**ACTIVITY:**
Having located the line with "Nissan Cabstar con", repeat it and all remaining lines of the records exactly. Pictures do not belong in the answer.

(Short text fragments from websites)
==============================
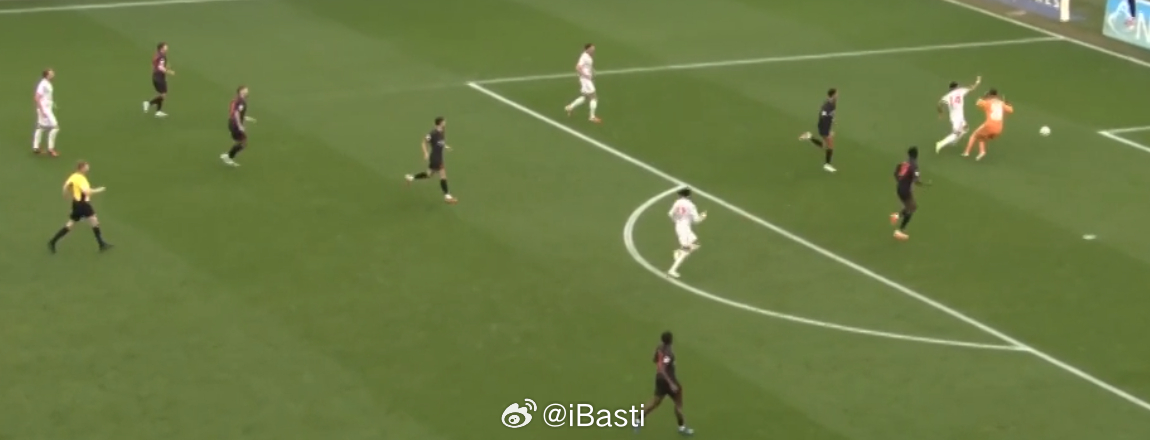 其实这个侧面视角会更加清楚地看到，迪亚斯确实是在身体接触前就主动向前扑了（对于这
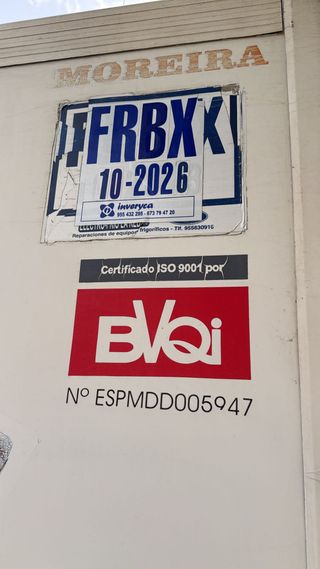 Nissan Cabstar con cajón refrigerado, año 2005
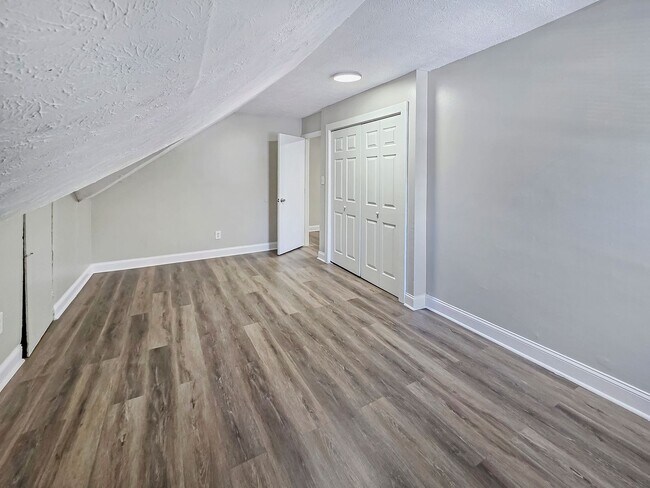 Building Photo - Beautifully Renovated 4 Bedroom Home in th...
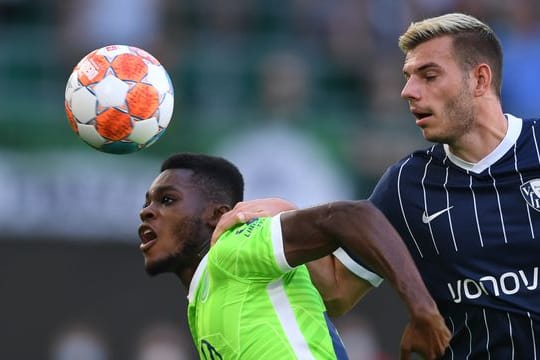 Hat seinen Vertrag in Bochum verlängert: VfL-Eigengewächs Maxim Leitsch (r).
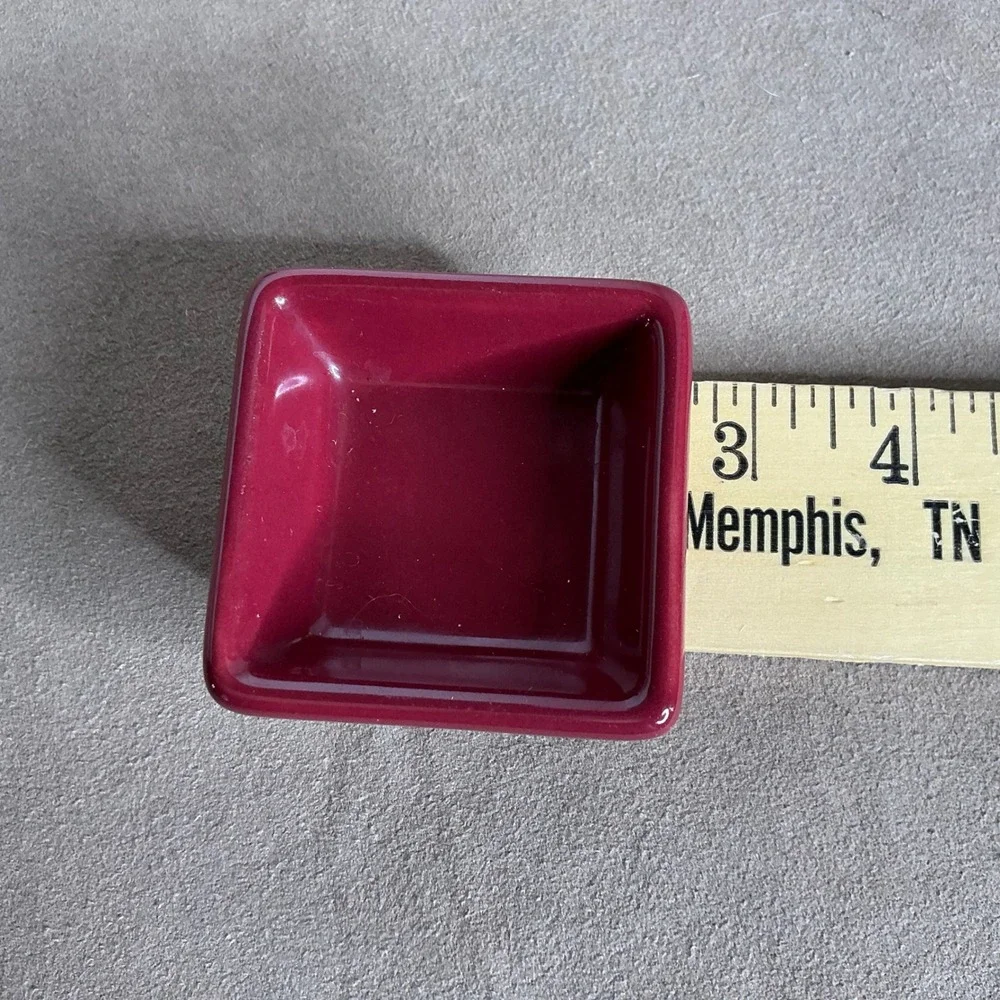 The Pampered Chef Simple Additions Ramekins Dishwasher  Safe Set of 4 Deep Red‎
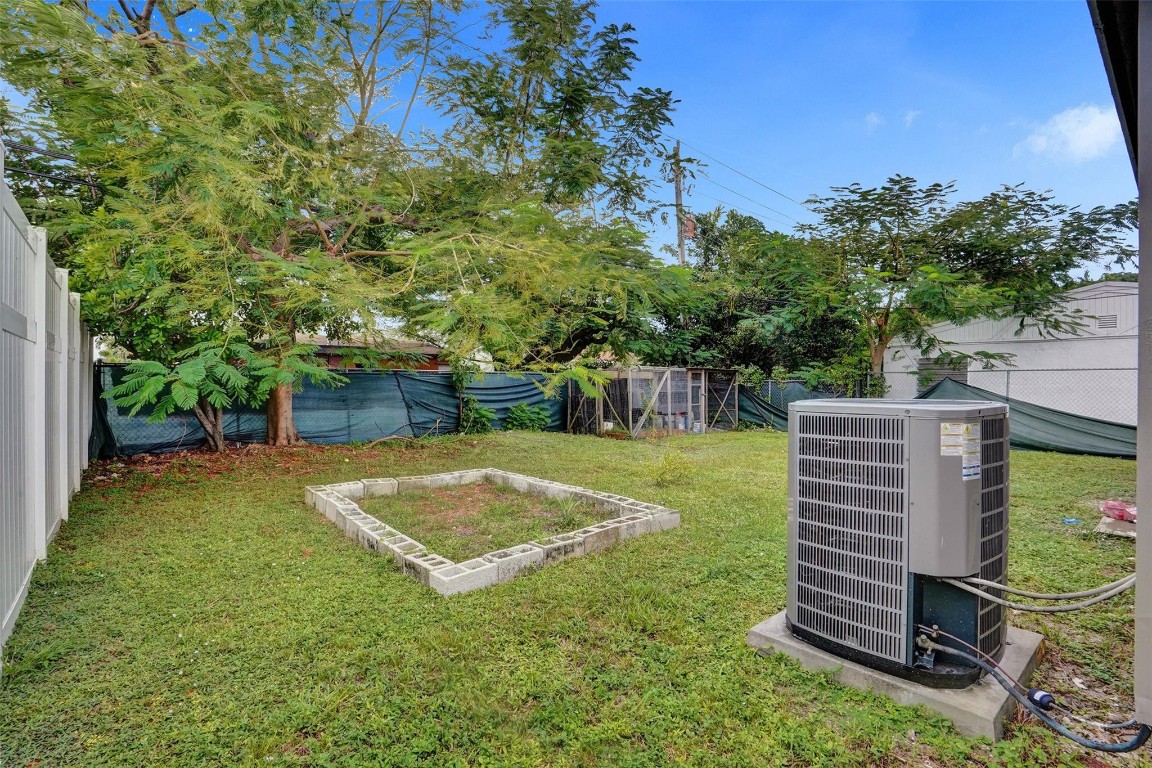 51 E Commercial Blvd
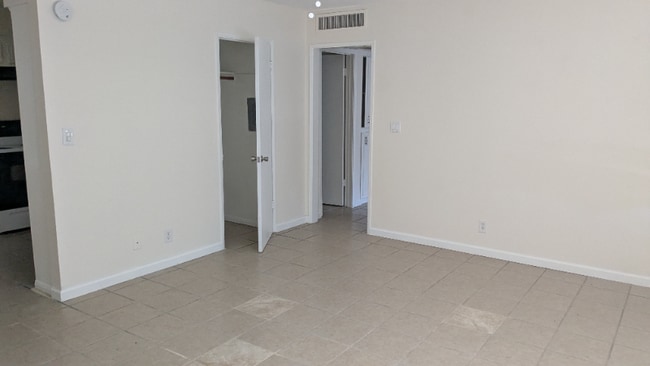 Building Photo - 3817 K St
==============================
**ANSWER TO THE EXERCISE:**
 Nissan Cabstar con cajón refrigerado, año 2005
 Building Photo - Beautifully Renovated 4 Bedroom Home in th...
 Hat seinen Vertrag in Bochum verlängert: VfL-Eigengewächs Maxim Leitsch (r).
 The Pampered Chef Simple Additions Ramekins Dishwasher  Safe Set of 4 Deep Red‎
 51 E Commercial Blvd
 Building Photo - 3817 K St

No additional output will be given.